These are guidelines, not quotas. A genuinely clean artifact with 1 finding and thorough dimension coverage is fine. A 1-finding review that only addresses one dimension is shallow regardless of the artifact.

The Iron Law

No artifact ships without adversarial review.
Code review is necessary but not sufficient.

Code review checks quality — is the code correct, clean, well-structured? Red-teaming attacks assumptions — will this actually work under adversarial conditions? What happens when inputs are hostile, dependencies fail, or load exceeds expectations? These are non-overlapping concerns. Passing code review is not evidence that red-teaming is unnecessary.

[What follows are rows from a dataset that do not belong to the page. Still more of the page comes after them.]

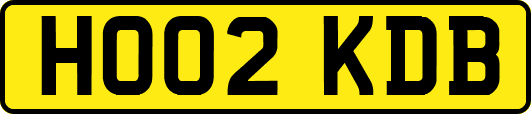 HO02KDB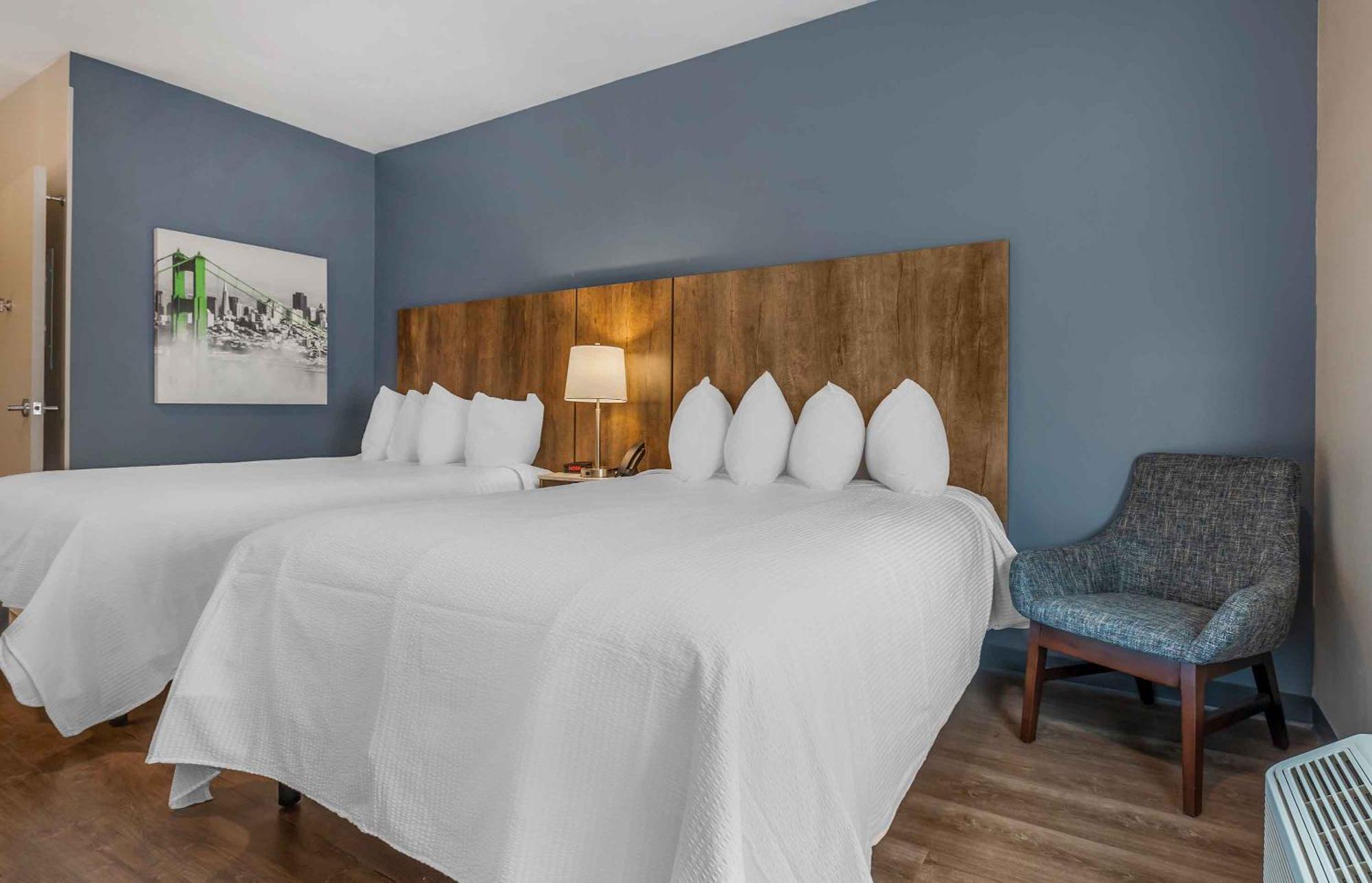 Extended Stay America Premier Suites - Pensacola - Nas Corry Station Warrington Bagian luar foto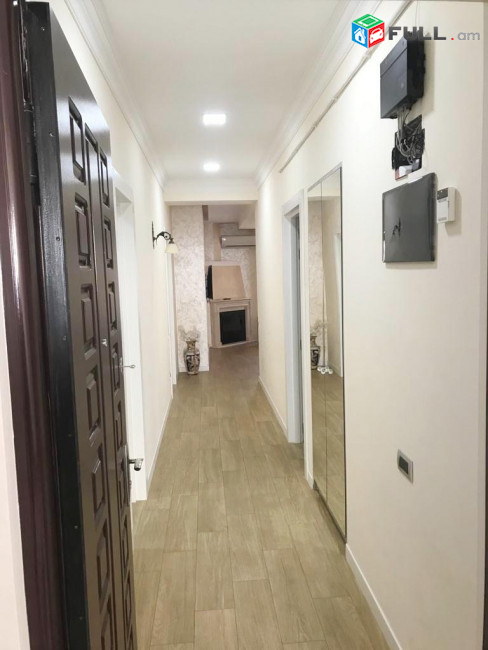 Կոդ MH355  Բուզանդ նորակառույց 3 սեն. բնակարան / for rent Buzand st.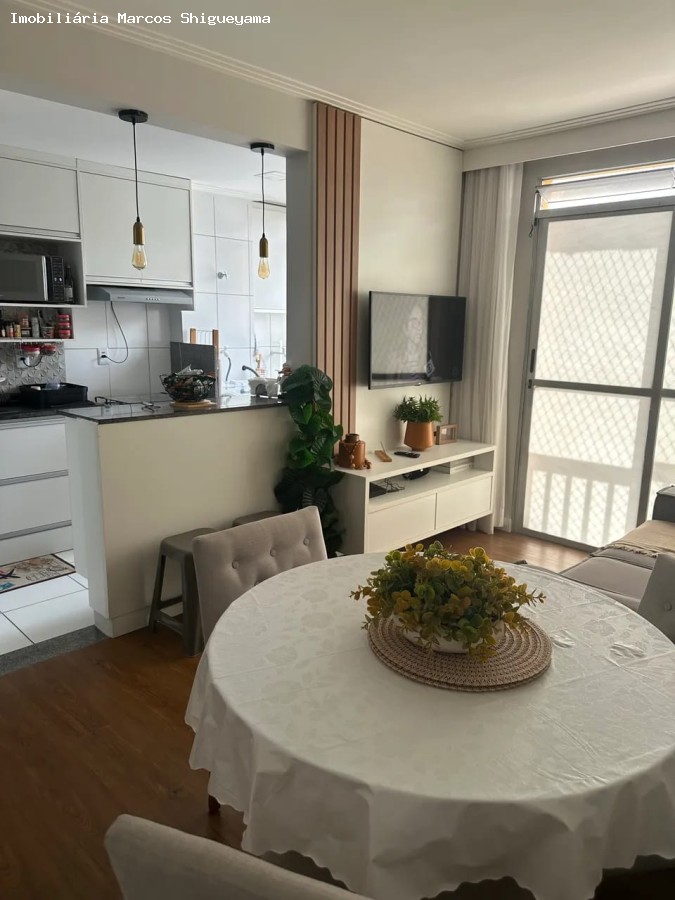 Apartamento, 2 quartos, 56 m² - Foto 9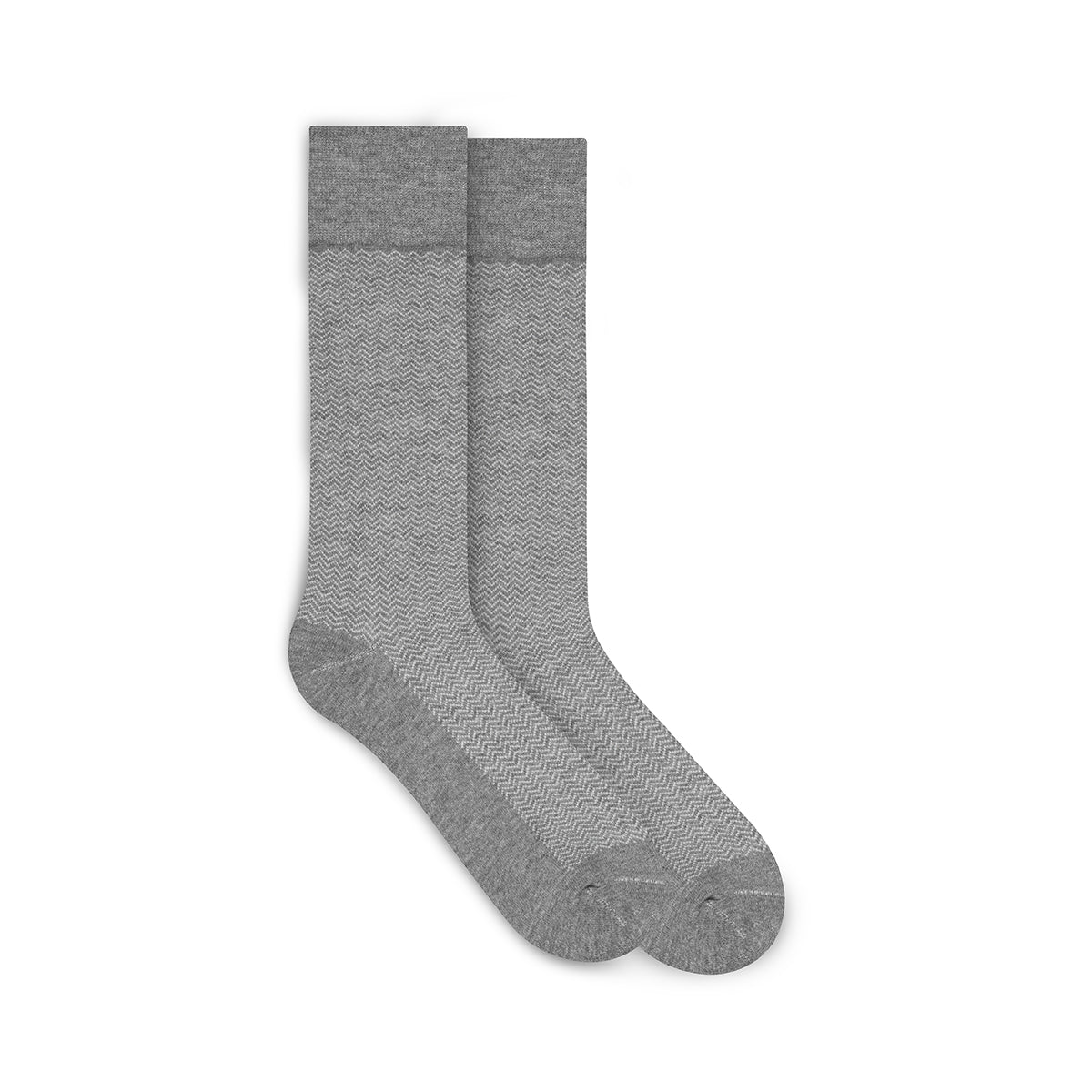 Media Formal Perry Ellis ME00088 - Gris Medio - Swatch Imagen principal del producto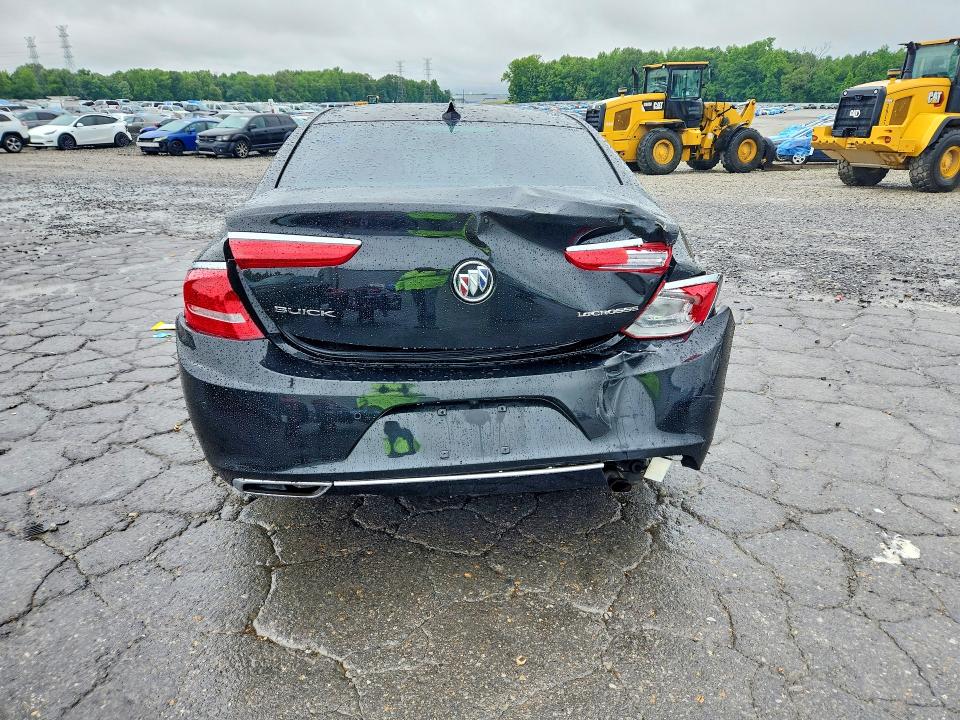 Aukcja sprzedaży 2017 Buick Lacrosse, vin: 1G4ZP5SS5HU148255, numer aukcji: 52651916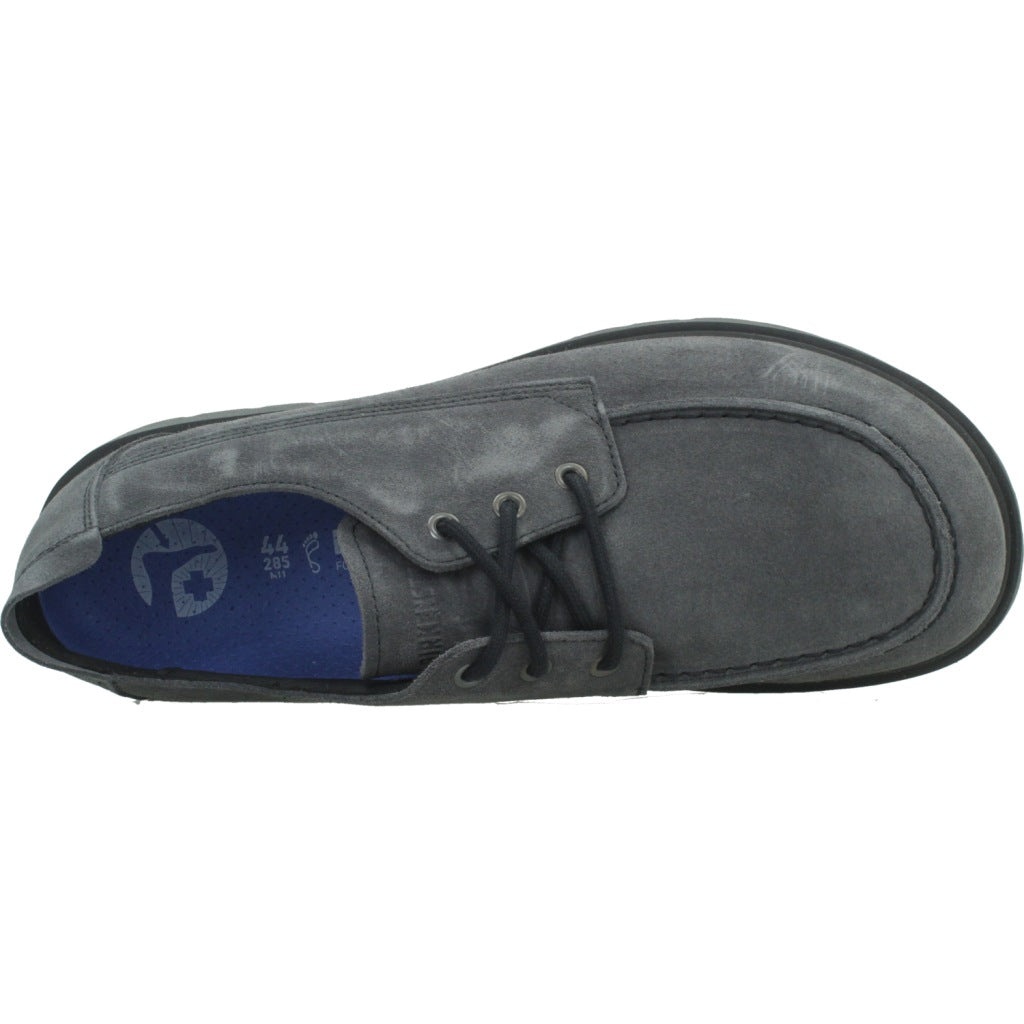 BIRKENSTOCK BI  en color GRIS  (7)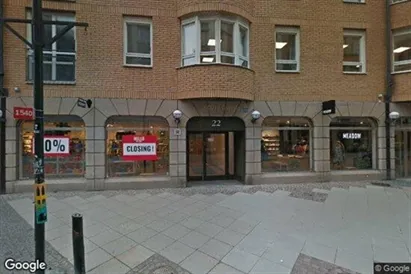 Office spaces for rent in Malmö City - Photo from Google Street View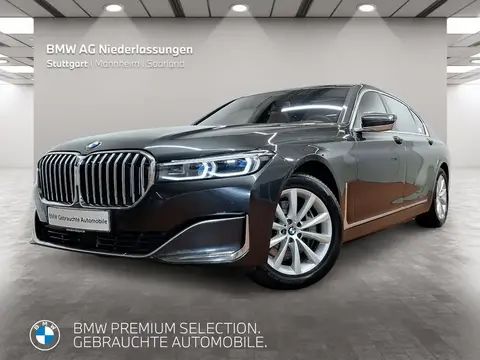 Annonce BMW SERIE 7 Diesel 2021 d'occasion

Rationalization Prevention

| Excuse | Reality | |--------|---------| | "Code review already passed" | Code review and red-teaming have non-overlapping coverage. Review checks quality; red-teaming attacks assumptions under adversarial conditions. Both are required. | | "This is a minor change" | Minor changes in critical paths have disproportionate blast radius. Small diffs are where subtle bugs hide — less code to review means less obvious where to look. | | "We're behind schedule" | Skipping adversarial review saves hours now, costs days when the issue surfaces in production. Red-teaming is the cheapest place to find these issues. | | "The design was thorough" | Thorough designs have thorough failure modes. Complexity = attack surface. The more thought went in, the more assumptions to challenge. | | "Just a refactor, behavior unchanged" | Refactors are where equivalence assumptions hide. Red-team verifies the equivalence claim — the most dangerous bugs are ones where "nothing changed" but something did. | | "Quality gate will catch it later" | Quality gate invokes red-team. Skipping here means skipping there. | | "The inquisitor already tested it" | Inquisitor writes executable tests for cross-component behavior. Red-team attacks design assumptions and failure modes that can't be expressed as tests. Different tools. | | "We already did N rounds" | Prior rounds found things to fix. That's evidence the artifact needed review, not evidence it's now clean. Fresh eyes, every round. |

Red Flags

Process violations — Never:

Reuse the same reviewer subagent across rounds
Pass prior findings to the next reviewer
Skip re-review after fixes ("the fixes look fine, let's move on")
Ignore Fatal issues
Proceed with unfixed Significant issues

Skip rationalizations — STOP if you catch yourself thinking:

"This artifact doesn't need adversarial review"
"The scope is too small for red-teaming"
"We're running behind, skip this pass"
"Code review / inquisitor already covered this"
"The user said to skip it" (the user can override, but name the risk explicitly first)

Dual-Mode Operation

Red-team operates in two modes depending on the caller:

When invoked by crucible:quality-gate: Run single-pass only. Return findings for this round. Do NOT iterate, do NOT apply stagnation detection, do NOT dispatch fix agents. Quality-gate owns the loop, stagnation detection, and fix dispatch. You are a reviewer, not a coordinator.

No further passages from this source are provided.